The letter, sent by NLIHC and the Revolving Door Project, included NLIHC’s preliminary analysis of the more than 3,500 public comments submitted in response to the FHFA’s RFI. NLIHC staff conducted an internal analysis by reading every comment submitted and categorizing key information about the content of the comment and the commenter. NLIHC’s analysis shows that of the 3,522 comments submitted by mid-August, 69% were submitted in support of tenant protections. The analysis noted that many of these pro-tenant comments were from individual tenants, often associated with tenant unions like Kansas City Tenants Union, People’s Action/Homes Guarantee campaign, Neighbor 2 Neighbor, Progressive Leadership Alliance of Nevada, and Kentucky Tenants. Many national housing organizations, along with multi-sector groups like the American Civil Liberties Union (ACLU), climate change researchers, environmental justice organizations, reproductive health groups, and racial justice organizers, stood up for tenants’ rights. Elected officials at the city, county, state, and national level urged FHFA to act in support of tenant protections, including Senate Majority Leader Chuck Schumer, senators led by Senate Committee on Banking, Housing and Urban Affairs Chair Sherrod Brown (D-OH), House Financial Services Committee members led by Ranking Member Maxine Waters (D-CA), and Representative Jamaal Bowman (D-NY).
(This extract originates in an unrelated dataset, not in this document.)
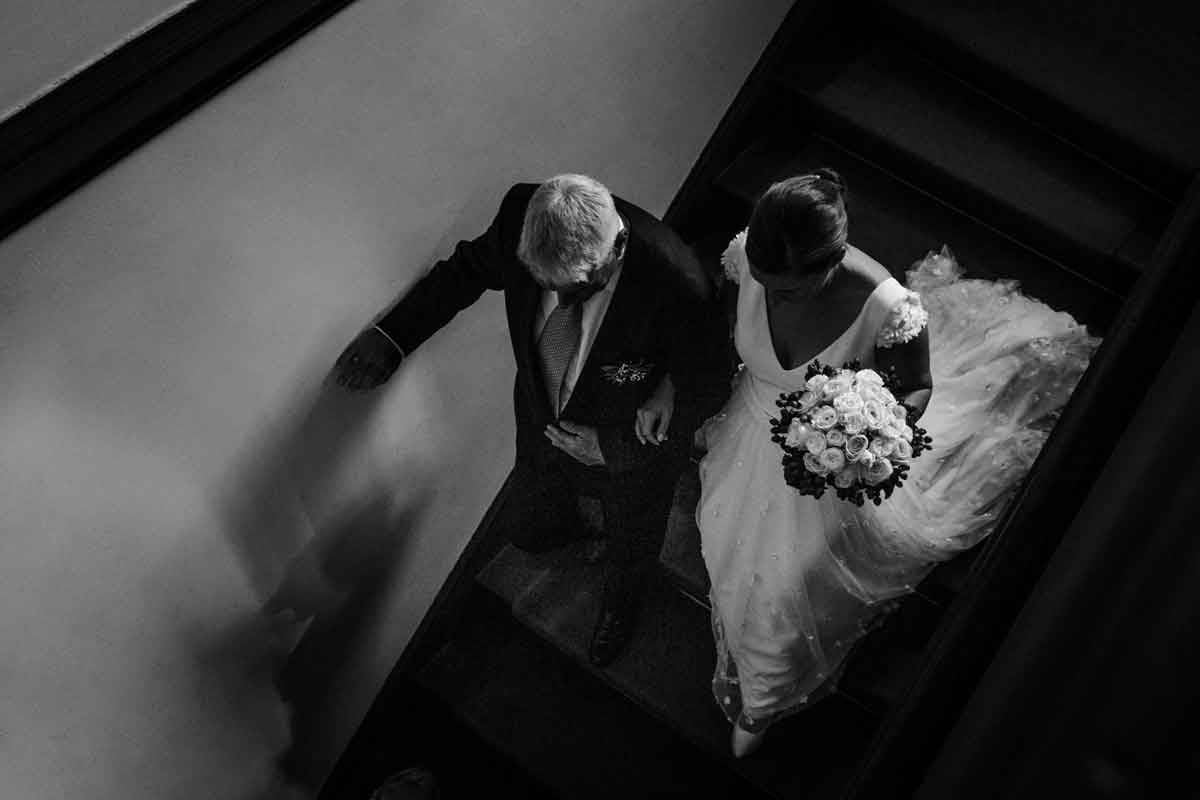 Brautvater begleitet die Braut zum Trauung. Sie gehen die Treppe herunter. Bild wurde von oben aufgenommen in schwarz-weiß.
The analysis also noted petitions in support of tenants, including one with 3,750 signatures from More Perfect Union and another from Move On with 677 signatures.
The letter expressed concern, however, about FHFA’s process for collecting confidential comments. FHFA received more than 3,500 additional comments that were submitted confidentially, and advocates are concerned that this disproportionate number (roughly half of comments) unfairly favors landlords, despite the agency’s stated commitment to “a transparent process that includes broad participation from diverse voices,” as stated in the RFI. “While tenants and individuals are justly protected in their confidentiality, we are concerned about the percentage of total comments submitted anonymously,” the organizations state. They note concern that “nearly half of the comments received were submitted anonymously. Housing advocates are left to wonder what evidence could be included in these comments to sway FHFA in secret, and if it is based on scientifically sound and racially just evidence.”
The letter accompanies a Freedom of Information Act (FOIA) Request, also submitted November 13, which requests all non-public comments (also referred to as “confidential comments”) submitted to the FHFA via the agency’s email address listed in the RFI. The Request notes that responding documents will redact confidential or proprietary information and finds points of commonality between the FHFA FOIA office and tenant advocates. The Request states that “in the spirit of the Freedom of Information Act’s fundamental purpose to promote a transparent government, as well as the FHFA’s specific goal to learn different stakeholder’s opinions on tenant protections, we expect that the FHFA FOIA Office will maintain the overall integrity of the responding documents… The public deserves to understand the information that the FHFA is accounting for when making policy.” NLIHC will continue to engage with the FHFA as the agency makes public the analysis of comments later this year and will continue to push for strong, enforceable tenant protections.